- Nvidia-backed Reflection AI is in talks to raise $2.5 billion at a $25 billion valuation, tripling its previous $8 billion valuation from Nvidia’s $800 million investment
- JPMorgan Chase is negotiating to participate through its Security and Resiliency Initiative, a $10 billion program backing national security-adjacent startups
- Founded by former Google DeepMind researchers Misha Laskin and Ioannis Antonoglou, Reflection builds open-weight AI systems for automated software development
- The round would rank among the largest ever for an open-source AI effort, reflecting investor appetite for US-based alternatives to Chinese models
What Happened
Reflection AI, a New York-based startup founded by former Google DeepMind researchers Misha Laskin and Ioannis Antonoglou, is in talks to raise $2.5 billion at a $25 billion valuation, according to multiple reports from late March 2026. The round would represent a threefold increase from the company’s previous $8 billion valuation, which was set when Nvidia invested approximately $800 million in an earlier round. Tech Startups reported that JPMorgan Chase and existing investor Disruptive are expected to join the round.
Why It Matters
The valuation trajectory is remarkable even by AI industry standards. Reflection was valued at $545 million as recently as last year, making the jump to $25 billion a roughly 46-fold increase in under 12 months. If completed, the deal would rank among the largest funding rounds ever tied to an open-source AI effort and would signal that investors view open-weight model development as a viable commercial strategy rather than a philanthropy exercise.
JPMorgan Chase’s involvement through its Security and Resiliency Initiative adds a geopolitical dimension. The initiative, launched in December 2025, plans to invest up to $10 billion across venture-backed startups tied to national security and critical infrastructure. The bank’s interest in Reflection reflects a growing view in Washington and on Wall Street that US-developed open-source AI models serve a strategic function as alternatives to Chinese competitors like DeepSeek.
Technical Details
Reflection’s core focus is automating software development with AI systems that can write, test, and maintain code at scale. The company was founded in 2024 and has grown rapidly from its initial DeepMind research roots. It builds open-weight models designed to run efficiently on Nvidia hardware, positioning itself within a small group of Nvidia-backed startups working to establish a network of freely available AI systems that companies, research labs, and universities can use and adapt.

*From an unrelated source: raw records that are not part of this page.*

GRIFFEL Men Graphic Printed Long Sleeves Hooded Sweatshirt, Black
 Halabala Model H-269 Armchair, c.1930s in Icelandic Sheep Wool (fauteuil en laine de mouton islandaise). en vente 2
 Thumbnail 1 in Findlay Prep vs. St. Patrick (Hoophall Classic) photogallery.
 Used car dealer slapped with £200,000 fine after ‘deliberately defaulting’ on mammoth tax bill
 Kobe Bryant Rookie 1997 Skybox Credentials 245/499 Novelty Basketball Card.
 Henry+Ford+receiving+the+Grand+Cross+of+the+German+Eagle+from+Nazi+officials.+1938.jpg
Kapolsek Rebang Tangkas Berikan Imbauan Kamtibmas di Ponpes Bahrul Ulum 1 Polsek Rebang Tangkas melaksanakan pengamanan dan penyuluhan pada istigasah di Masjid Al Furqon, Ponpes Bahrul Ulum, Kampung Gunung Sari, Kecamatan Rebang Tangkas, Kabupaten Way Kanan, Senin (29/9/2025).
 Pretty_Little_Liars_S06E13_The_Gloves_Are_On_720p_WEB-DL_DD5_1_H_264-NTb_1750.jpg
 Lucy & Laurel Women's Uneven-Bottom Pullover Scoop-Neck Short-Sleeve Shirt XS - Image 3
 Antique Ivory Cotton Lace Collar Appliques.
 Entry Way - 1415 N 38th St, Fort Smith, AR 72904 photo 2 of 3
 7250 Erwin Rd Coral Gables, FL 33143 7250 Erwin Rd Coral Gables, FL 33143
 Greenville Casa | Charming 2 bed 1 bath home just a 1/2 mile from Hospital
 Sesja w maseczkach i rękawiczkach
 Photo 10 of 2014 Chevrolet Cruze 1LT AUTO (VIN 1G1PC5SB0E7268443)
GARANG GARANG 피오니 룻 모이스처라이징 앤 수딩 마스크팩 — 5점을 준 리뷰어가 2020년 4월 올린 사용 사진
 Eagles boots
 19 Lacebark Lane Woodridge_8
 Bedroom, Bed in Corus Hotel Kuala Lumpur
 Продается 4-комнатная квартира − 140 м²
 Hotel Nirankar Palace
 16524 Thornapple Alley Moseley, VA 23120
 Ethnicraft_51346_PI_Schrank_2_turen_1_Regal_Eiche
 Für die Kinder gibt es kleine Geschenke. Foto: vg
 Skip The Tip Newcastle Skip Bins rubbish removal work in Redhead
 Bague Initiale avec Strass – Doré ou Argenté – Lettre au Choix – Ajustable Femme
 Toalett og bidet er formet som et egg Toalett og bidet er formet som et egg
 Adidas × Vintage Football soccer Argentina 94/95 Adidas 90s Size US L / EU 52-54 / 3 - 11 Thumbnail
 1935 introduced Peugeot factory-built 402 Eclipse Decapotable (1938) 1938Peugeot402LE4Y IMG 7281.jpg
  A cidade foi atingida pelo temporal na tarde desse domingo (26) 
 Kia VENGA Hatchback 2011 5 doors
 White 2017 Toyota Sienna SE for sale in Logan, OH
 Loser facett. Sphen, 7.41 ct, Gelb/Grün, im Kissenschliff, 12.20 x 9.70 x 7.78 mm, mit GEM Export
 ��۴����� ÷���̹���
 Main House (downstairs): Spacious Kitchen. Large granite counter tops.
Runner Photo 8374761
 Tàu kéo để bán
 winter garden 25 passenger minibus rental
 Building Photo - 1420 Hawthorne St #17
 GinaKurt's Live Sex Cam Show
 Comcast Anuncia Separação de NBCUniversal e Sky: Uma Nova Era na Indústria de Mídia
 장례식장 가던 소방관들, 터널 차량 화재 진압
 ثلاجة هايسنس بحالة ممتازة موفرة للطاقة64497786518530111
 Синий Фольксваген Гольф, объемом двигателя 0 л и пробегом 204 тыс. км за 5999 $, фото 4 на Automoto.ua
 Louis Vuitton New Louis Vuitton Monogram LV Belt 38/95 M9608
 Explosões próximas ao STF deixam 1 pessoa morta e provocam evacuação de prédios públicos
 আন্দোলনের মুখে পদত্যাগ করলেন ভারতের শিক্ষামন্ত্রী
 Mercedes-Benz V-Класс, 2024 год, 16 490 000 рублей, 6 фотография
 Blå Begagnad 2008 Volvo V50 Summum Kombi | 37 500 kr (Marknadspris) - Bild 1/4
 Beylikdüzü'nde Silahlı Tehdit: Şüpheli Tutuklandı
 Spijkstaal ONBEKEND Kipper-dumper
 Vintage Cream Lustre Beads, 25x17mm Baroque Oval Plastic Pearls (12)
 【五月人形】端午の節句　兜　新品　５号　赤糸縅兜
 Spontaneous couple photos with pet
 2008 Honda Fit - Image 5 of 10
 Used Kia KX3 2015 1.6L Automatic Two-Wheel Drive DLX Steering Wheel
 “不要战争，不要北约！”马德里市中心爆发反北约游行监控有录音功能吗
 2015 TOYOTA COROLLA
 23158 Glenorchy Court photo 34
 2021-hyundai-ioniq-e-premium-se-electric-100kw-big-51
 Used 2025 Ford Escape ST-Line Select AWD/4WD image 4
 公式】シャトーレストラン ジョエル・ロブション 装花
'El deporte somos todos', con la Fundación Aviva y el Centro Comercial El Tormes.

The open-weight approach means Reflection publishes model architectures and trained parameters, allowing external developers to fine-tune and deploy the models on their own infrastructure. This contrasts with the closed-API model used by OpenAI and Anthropic, where customers access models through paid endpoints but cannot inspect or modify the underlying weights.
Who’s Affected
The competitive landscape for open-source AI development has intensified significantly in 2026. China’s DeepSeek demonstrated with its R1 model that competitive AI performance could be achieved with a fraction of typical training budgets, challenging the assumption that frontier AI requires Western-scale capital expenditure. Meta continues to expand its Llama model family, which has accumulated hundreds of millions of downloads. Mistral AI has established a foothold in regulated European industries after raising more than $1 billion.
For Nvidia, backing Reflection serves a dual purpose: it supports the open-source ecosystem that drives demand for Nvidia GPUs, and it counters the narrative that Chinese labs can match Western AI capabilities at lower cost. Reflection’s models are explicitly designed to run on Nvidia hardware, creating a flywheel between Nvidia’s chip sales and Reflection’s adoption.
What’s Next
The round has not yet closed, and the $25 billion valuation remains a target rather than a done deal. Reflection has generated no meaningful revenue to date, making the valuation entirely a bet on future capability and market position. The company’s competitive advantage hinges on whether its open-weight models can match the performance of closed competitors while attracting a developer ecosystem large enough to justify the premium.
Nvidia’s backing provides both capital and preferential access to GPU supply, but the gap between valuation and revenue remains a risk factor if AI investment sentiment shifts. The valuation represents the pre-money estimate and does not yet include the fresh capital from the funding round, meaning the post-money figure could exceed $27 billion. Security vulnerabilities identified in similar open-weight systems through algorithmic jailbreaking techniques also present a technical risk that Reflection will need to address as its models see wider enterprise deployment.